● Your objective
Retype nothing except the lines below from the one with "1girl artist_name azur_lane" through the one with "Windsor Castle illuminated", exactly, with images left out.

● Provided records
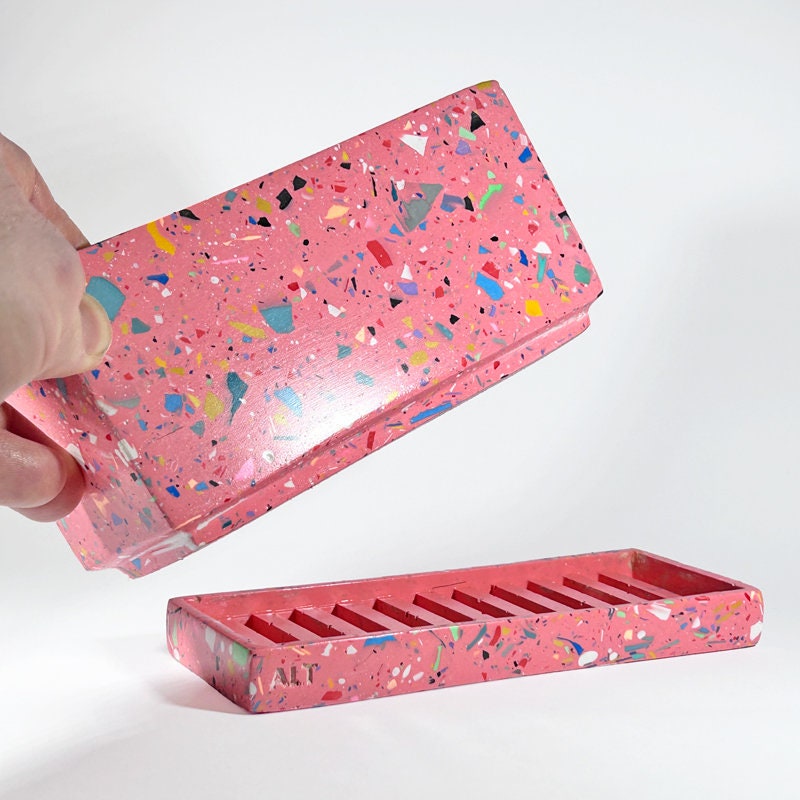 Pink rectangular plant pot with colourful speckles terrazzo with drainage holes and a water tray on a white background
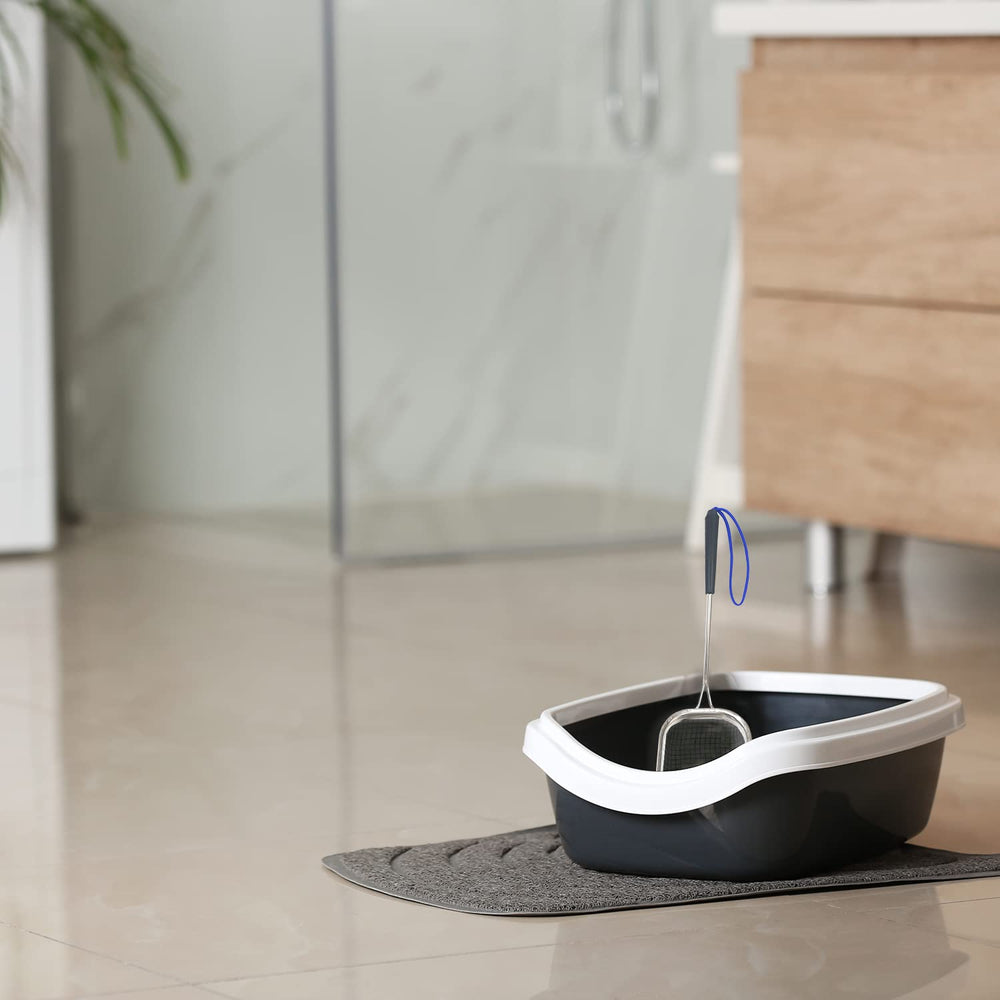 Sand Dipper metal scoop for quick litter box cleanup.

---

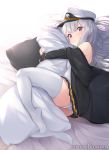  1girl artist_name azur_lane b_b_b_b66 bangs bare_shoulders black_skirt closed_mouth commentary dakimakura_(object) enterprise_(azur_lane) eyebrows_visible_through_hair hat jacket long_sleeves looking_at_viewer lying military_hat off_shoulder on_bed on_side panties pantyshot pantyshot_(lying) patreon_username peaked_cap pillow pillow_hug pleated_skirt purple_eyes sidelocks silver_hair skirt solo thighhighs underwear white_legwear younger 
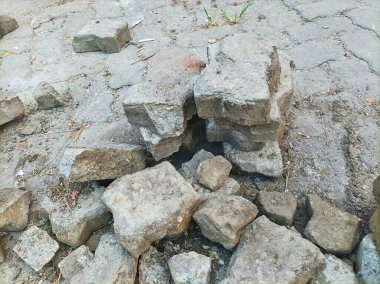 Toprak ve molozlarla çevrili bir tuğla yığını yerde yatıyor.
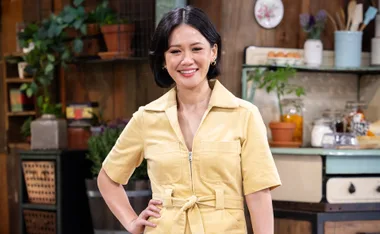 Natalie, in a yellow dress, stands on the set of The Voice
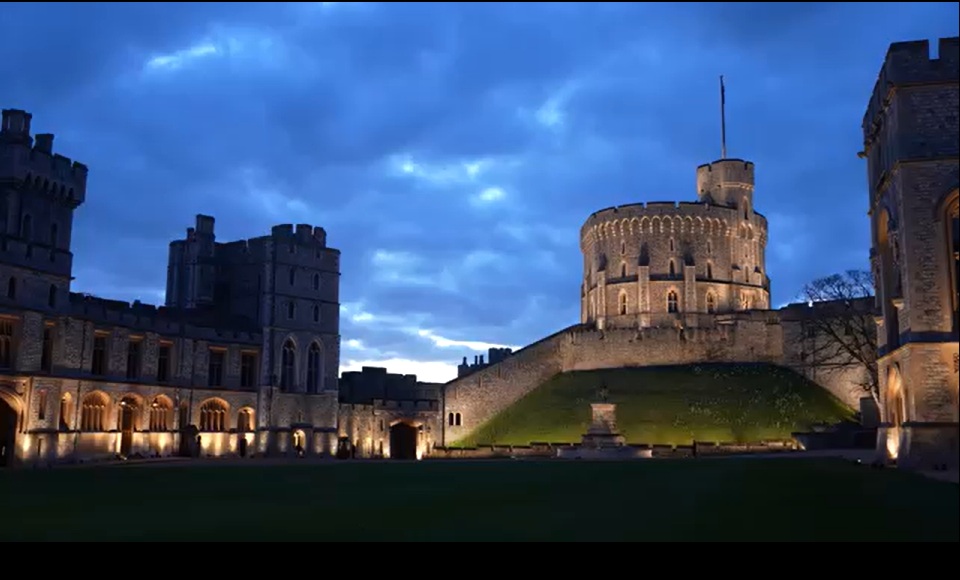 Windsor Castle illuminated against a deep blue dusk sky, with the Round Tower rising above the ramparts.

● Response to this task
  1girl artist_name azur_lane b_b_b_b66 bangs bare_shoulders black_skirt closed_mouth commentary dakimakura_(object) enterprise_(azur_lane) eyebrows_visible_through_hair hat jacket long_sleeves looking_at_viewer lying military_hat off_shoulder on_bed on_side panties pantyshot pantyshot_(lying) patreon_username peaked_cap pillow pillow_hug pleated_skirt purple_eyes sidelocks silver_hair skirt solo thighhighs underwear white_legwear younger 
 Toprak ve molozlarla çevrili bir tuğla yığını yerde yatıyor.
 Natalie, in a yellow dress, stands on the set of The Voice
 Windsor Castle illuminated against a deep blue dusk sky, with the Round Tower rising above the ramparts.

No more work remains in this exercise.